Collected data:

- Opening Delimiter -

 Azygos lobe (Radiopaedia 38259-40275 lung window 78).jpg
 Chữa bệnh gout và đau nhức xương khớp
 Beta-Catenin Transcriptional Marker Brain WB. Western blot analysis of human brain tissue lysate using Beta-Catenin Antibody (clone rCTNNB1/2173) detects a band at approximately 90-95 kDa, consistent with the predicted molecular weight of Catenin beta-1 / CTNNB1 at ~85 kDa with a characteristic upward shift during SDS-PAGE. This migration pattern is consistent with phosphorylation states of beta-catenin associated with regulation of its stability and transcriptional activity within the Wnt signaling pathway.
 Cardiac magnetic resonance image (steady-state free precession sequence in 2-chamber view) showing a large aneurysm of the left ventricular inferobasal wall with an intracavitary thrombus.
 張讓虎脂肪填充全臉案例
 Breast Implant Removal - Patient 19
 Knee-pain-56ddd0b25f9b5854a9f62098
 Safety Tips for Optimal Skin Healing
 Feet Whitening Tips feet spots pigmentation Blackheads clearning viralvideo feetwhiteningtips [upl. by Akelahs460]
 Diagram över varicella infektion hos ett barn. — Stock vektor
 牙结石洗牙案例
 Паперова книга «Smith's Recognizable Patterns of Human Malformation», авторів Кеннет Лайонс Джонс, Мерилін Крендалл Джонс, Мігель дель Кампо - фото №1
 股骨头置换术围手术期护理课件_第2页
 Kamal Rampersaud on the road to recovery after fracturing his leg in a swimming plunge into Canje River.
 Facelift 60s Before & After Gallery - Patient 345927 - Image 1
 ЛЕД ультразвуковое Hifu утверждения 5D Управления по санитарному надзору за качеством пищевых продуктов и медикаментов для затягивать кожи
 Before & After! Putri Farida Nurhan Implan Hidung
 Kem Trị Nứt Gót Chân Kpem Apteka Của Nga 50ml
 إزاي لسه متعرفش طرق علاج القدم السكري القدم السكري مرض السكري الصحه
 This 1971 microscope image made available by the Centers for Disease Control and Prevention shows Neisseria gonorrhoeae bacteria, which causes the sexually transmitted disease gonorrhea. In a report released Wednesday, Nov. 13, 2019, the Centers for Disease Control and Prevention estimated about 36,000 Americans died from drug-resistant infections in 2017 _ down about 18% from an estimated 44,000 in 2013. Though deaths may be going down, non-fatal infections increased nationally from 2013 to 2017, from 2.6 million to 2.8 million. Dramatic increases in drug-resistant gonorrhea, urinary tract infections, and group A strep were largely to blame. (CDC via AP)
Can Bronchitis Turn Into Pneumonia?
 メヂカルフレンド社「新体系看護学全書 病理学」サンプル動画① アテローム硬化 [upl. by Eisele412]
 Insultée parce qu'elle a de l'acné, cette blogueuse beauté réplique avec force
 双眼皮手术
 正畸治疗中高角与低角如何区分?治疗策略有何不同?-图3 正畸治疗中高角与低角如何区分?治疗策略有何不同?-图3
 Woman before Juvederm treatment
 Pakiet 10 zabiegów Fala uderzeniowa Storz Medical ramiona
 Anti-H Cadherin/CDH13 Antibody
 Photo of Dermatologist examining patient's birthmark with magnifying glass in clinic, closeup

- Closing Delimiter -

Could you return exactly the lines above from the line with "ЛЕД ультразвуковое Hifu" to the line with "Woman before Juvederm treatment", both included, and nothing else?

> RESPONSE AREA
 ЛЕД ультразвуковое Hifu утверждения 5D Управления по санитарному надзору за качеством пищевых продуктов и медикаментов для затягивать кожи
 Before & After! Putri Farida Nurhan Implan Hidung
 Kem Trị Nứt Gót Chân Kpem Apteka Của Nga 50ml
 إزاي لسه متعرفش طرق علاج القدم السكري القدم السكري مرض السكري الصحه
 This 1971 microscope image made available by the Centers for Disease Control and Prevention shows Neisseria gonorrhoeae bacteria, which causes the sexually transmitted disease gonorrhea. In a report released Wednesday, Nov. 13, 2019, the Centers for Disease Control and Prevention estimated about 36,000 Americans died from drug-resistant infections in 2017 _ down about 18% from an estimated 44,000 in 2013. Though deaths may be going down, non-fatal infections increased nationally from 2013 to 2017, from 2.6 million to 2.8 million. Dramatic increases in drug-resistant gonorrhea, urinary tract infections, and group A strep were largely to blame. (CDC via AP)
Can Bronchitis Turn Into Pneumonia?
 メヂカルフレンド社「新体系看護学全書 病理学」サンプル動画① アテローム硬化 [upl. by Eisele412]
 Insultée parce qu'elle a de l'acné, cette blogueuse beauté réplique avec force
 双眼皮手术
 正畸治疗中高角与低角如何区分?治疗策略有何不同?-图3 正畸治疗中高角与低角如何区分?治疗策略有何不同?-图3
 Woman before Juvederm treatment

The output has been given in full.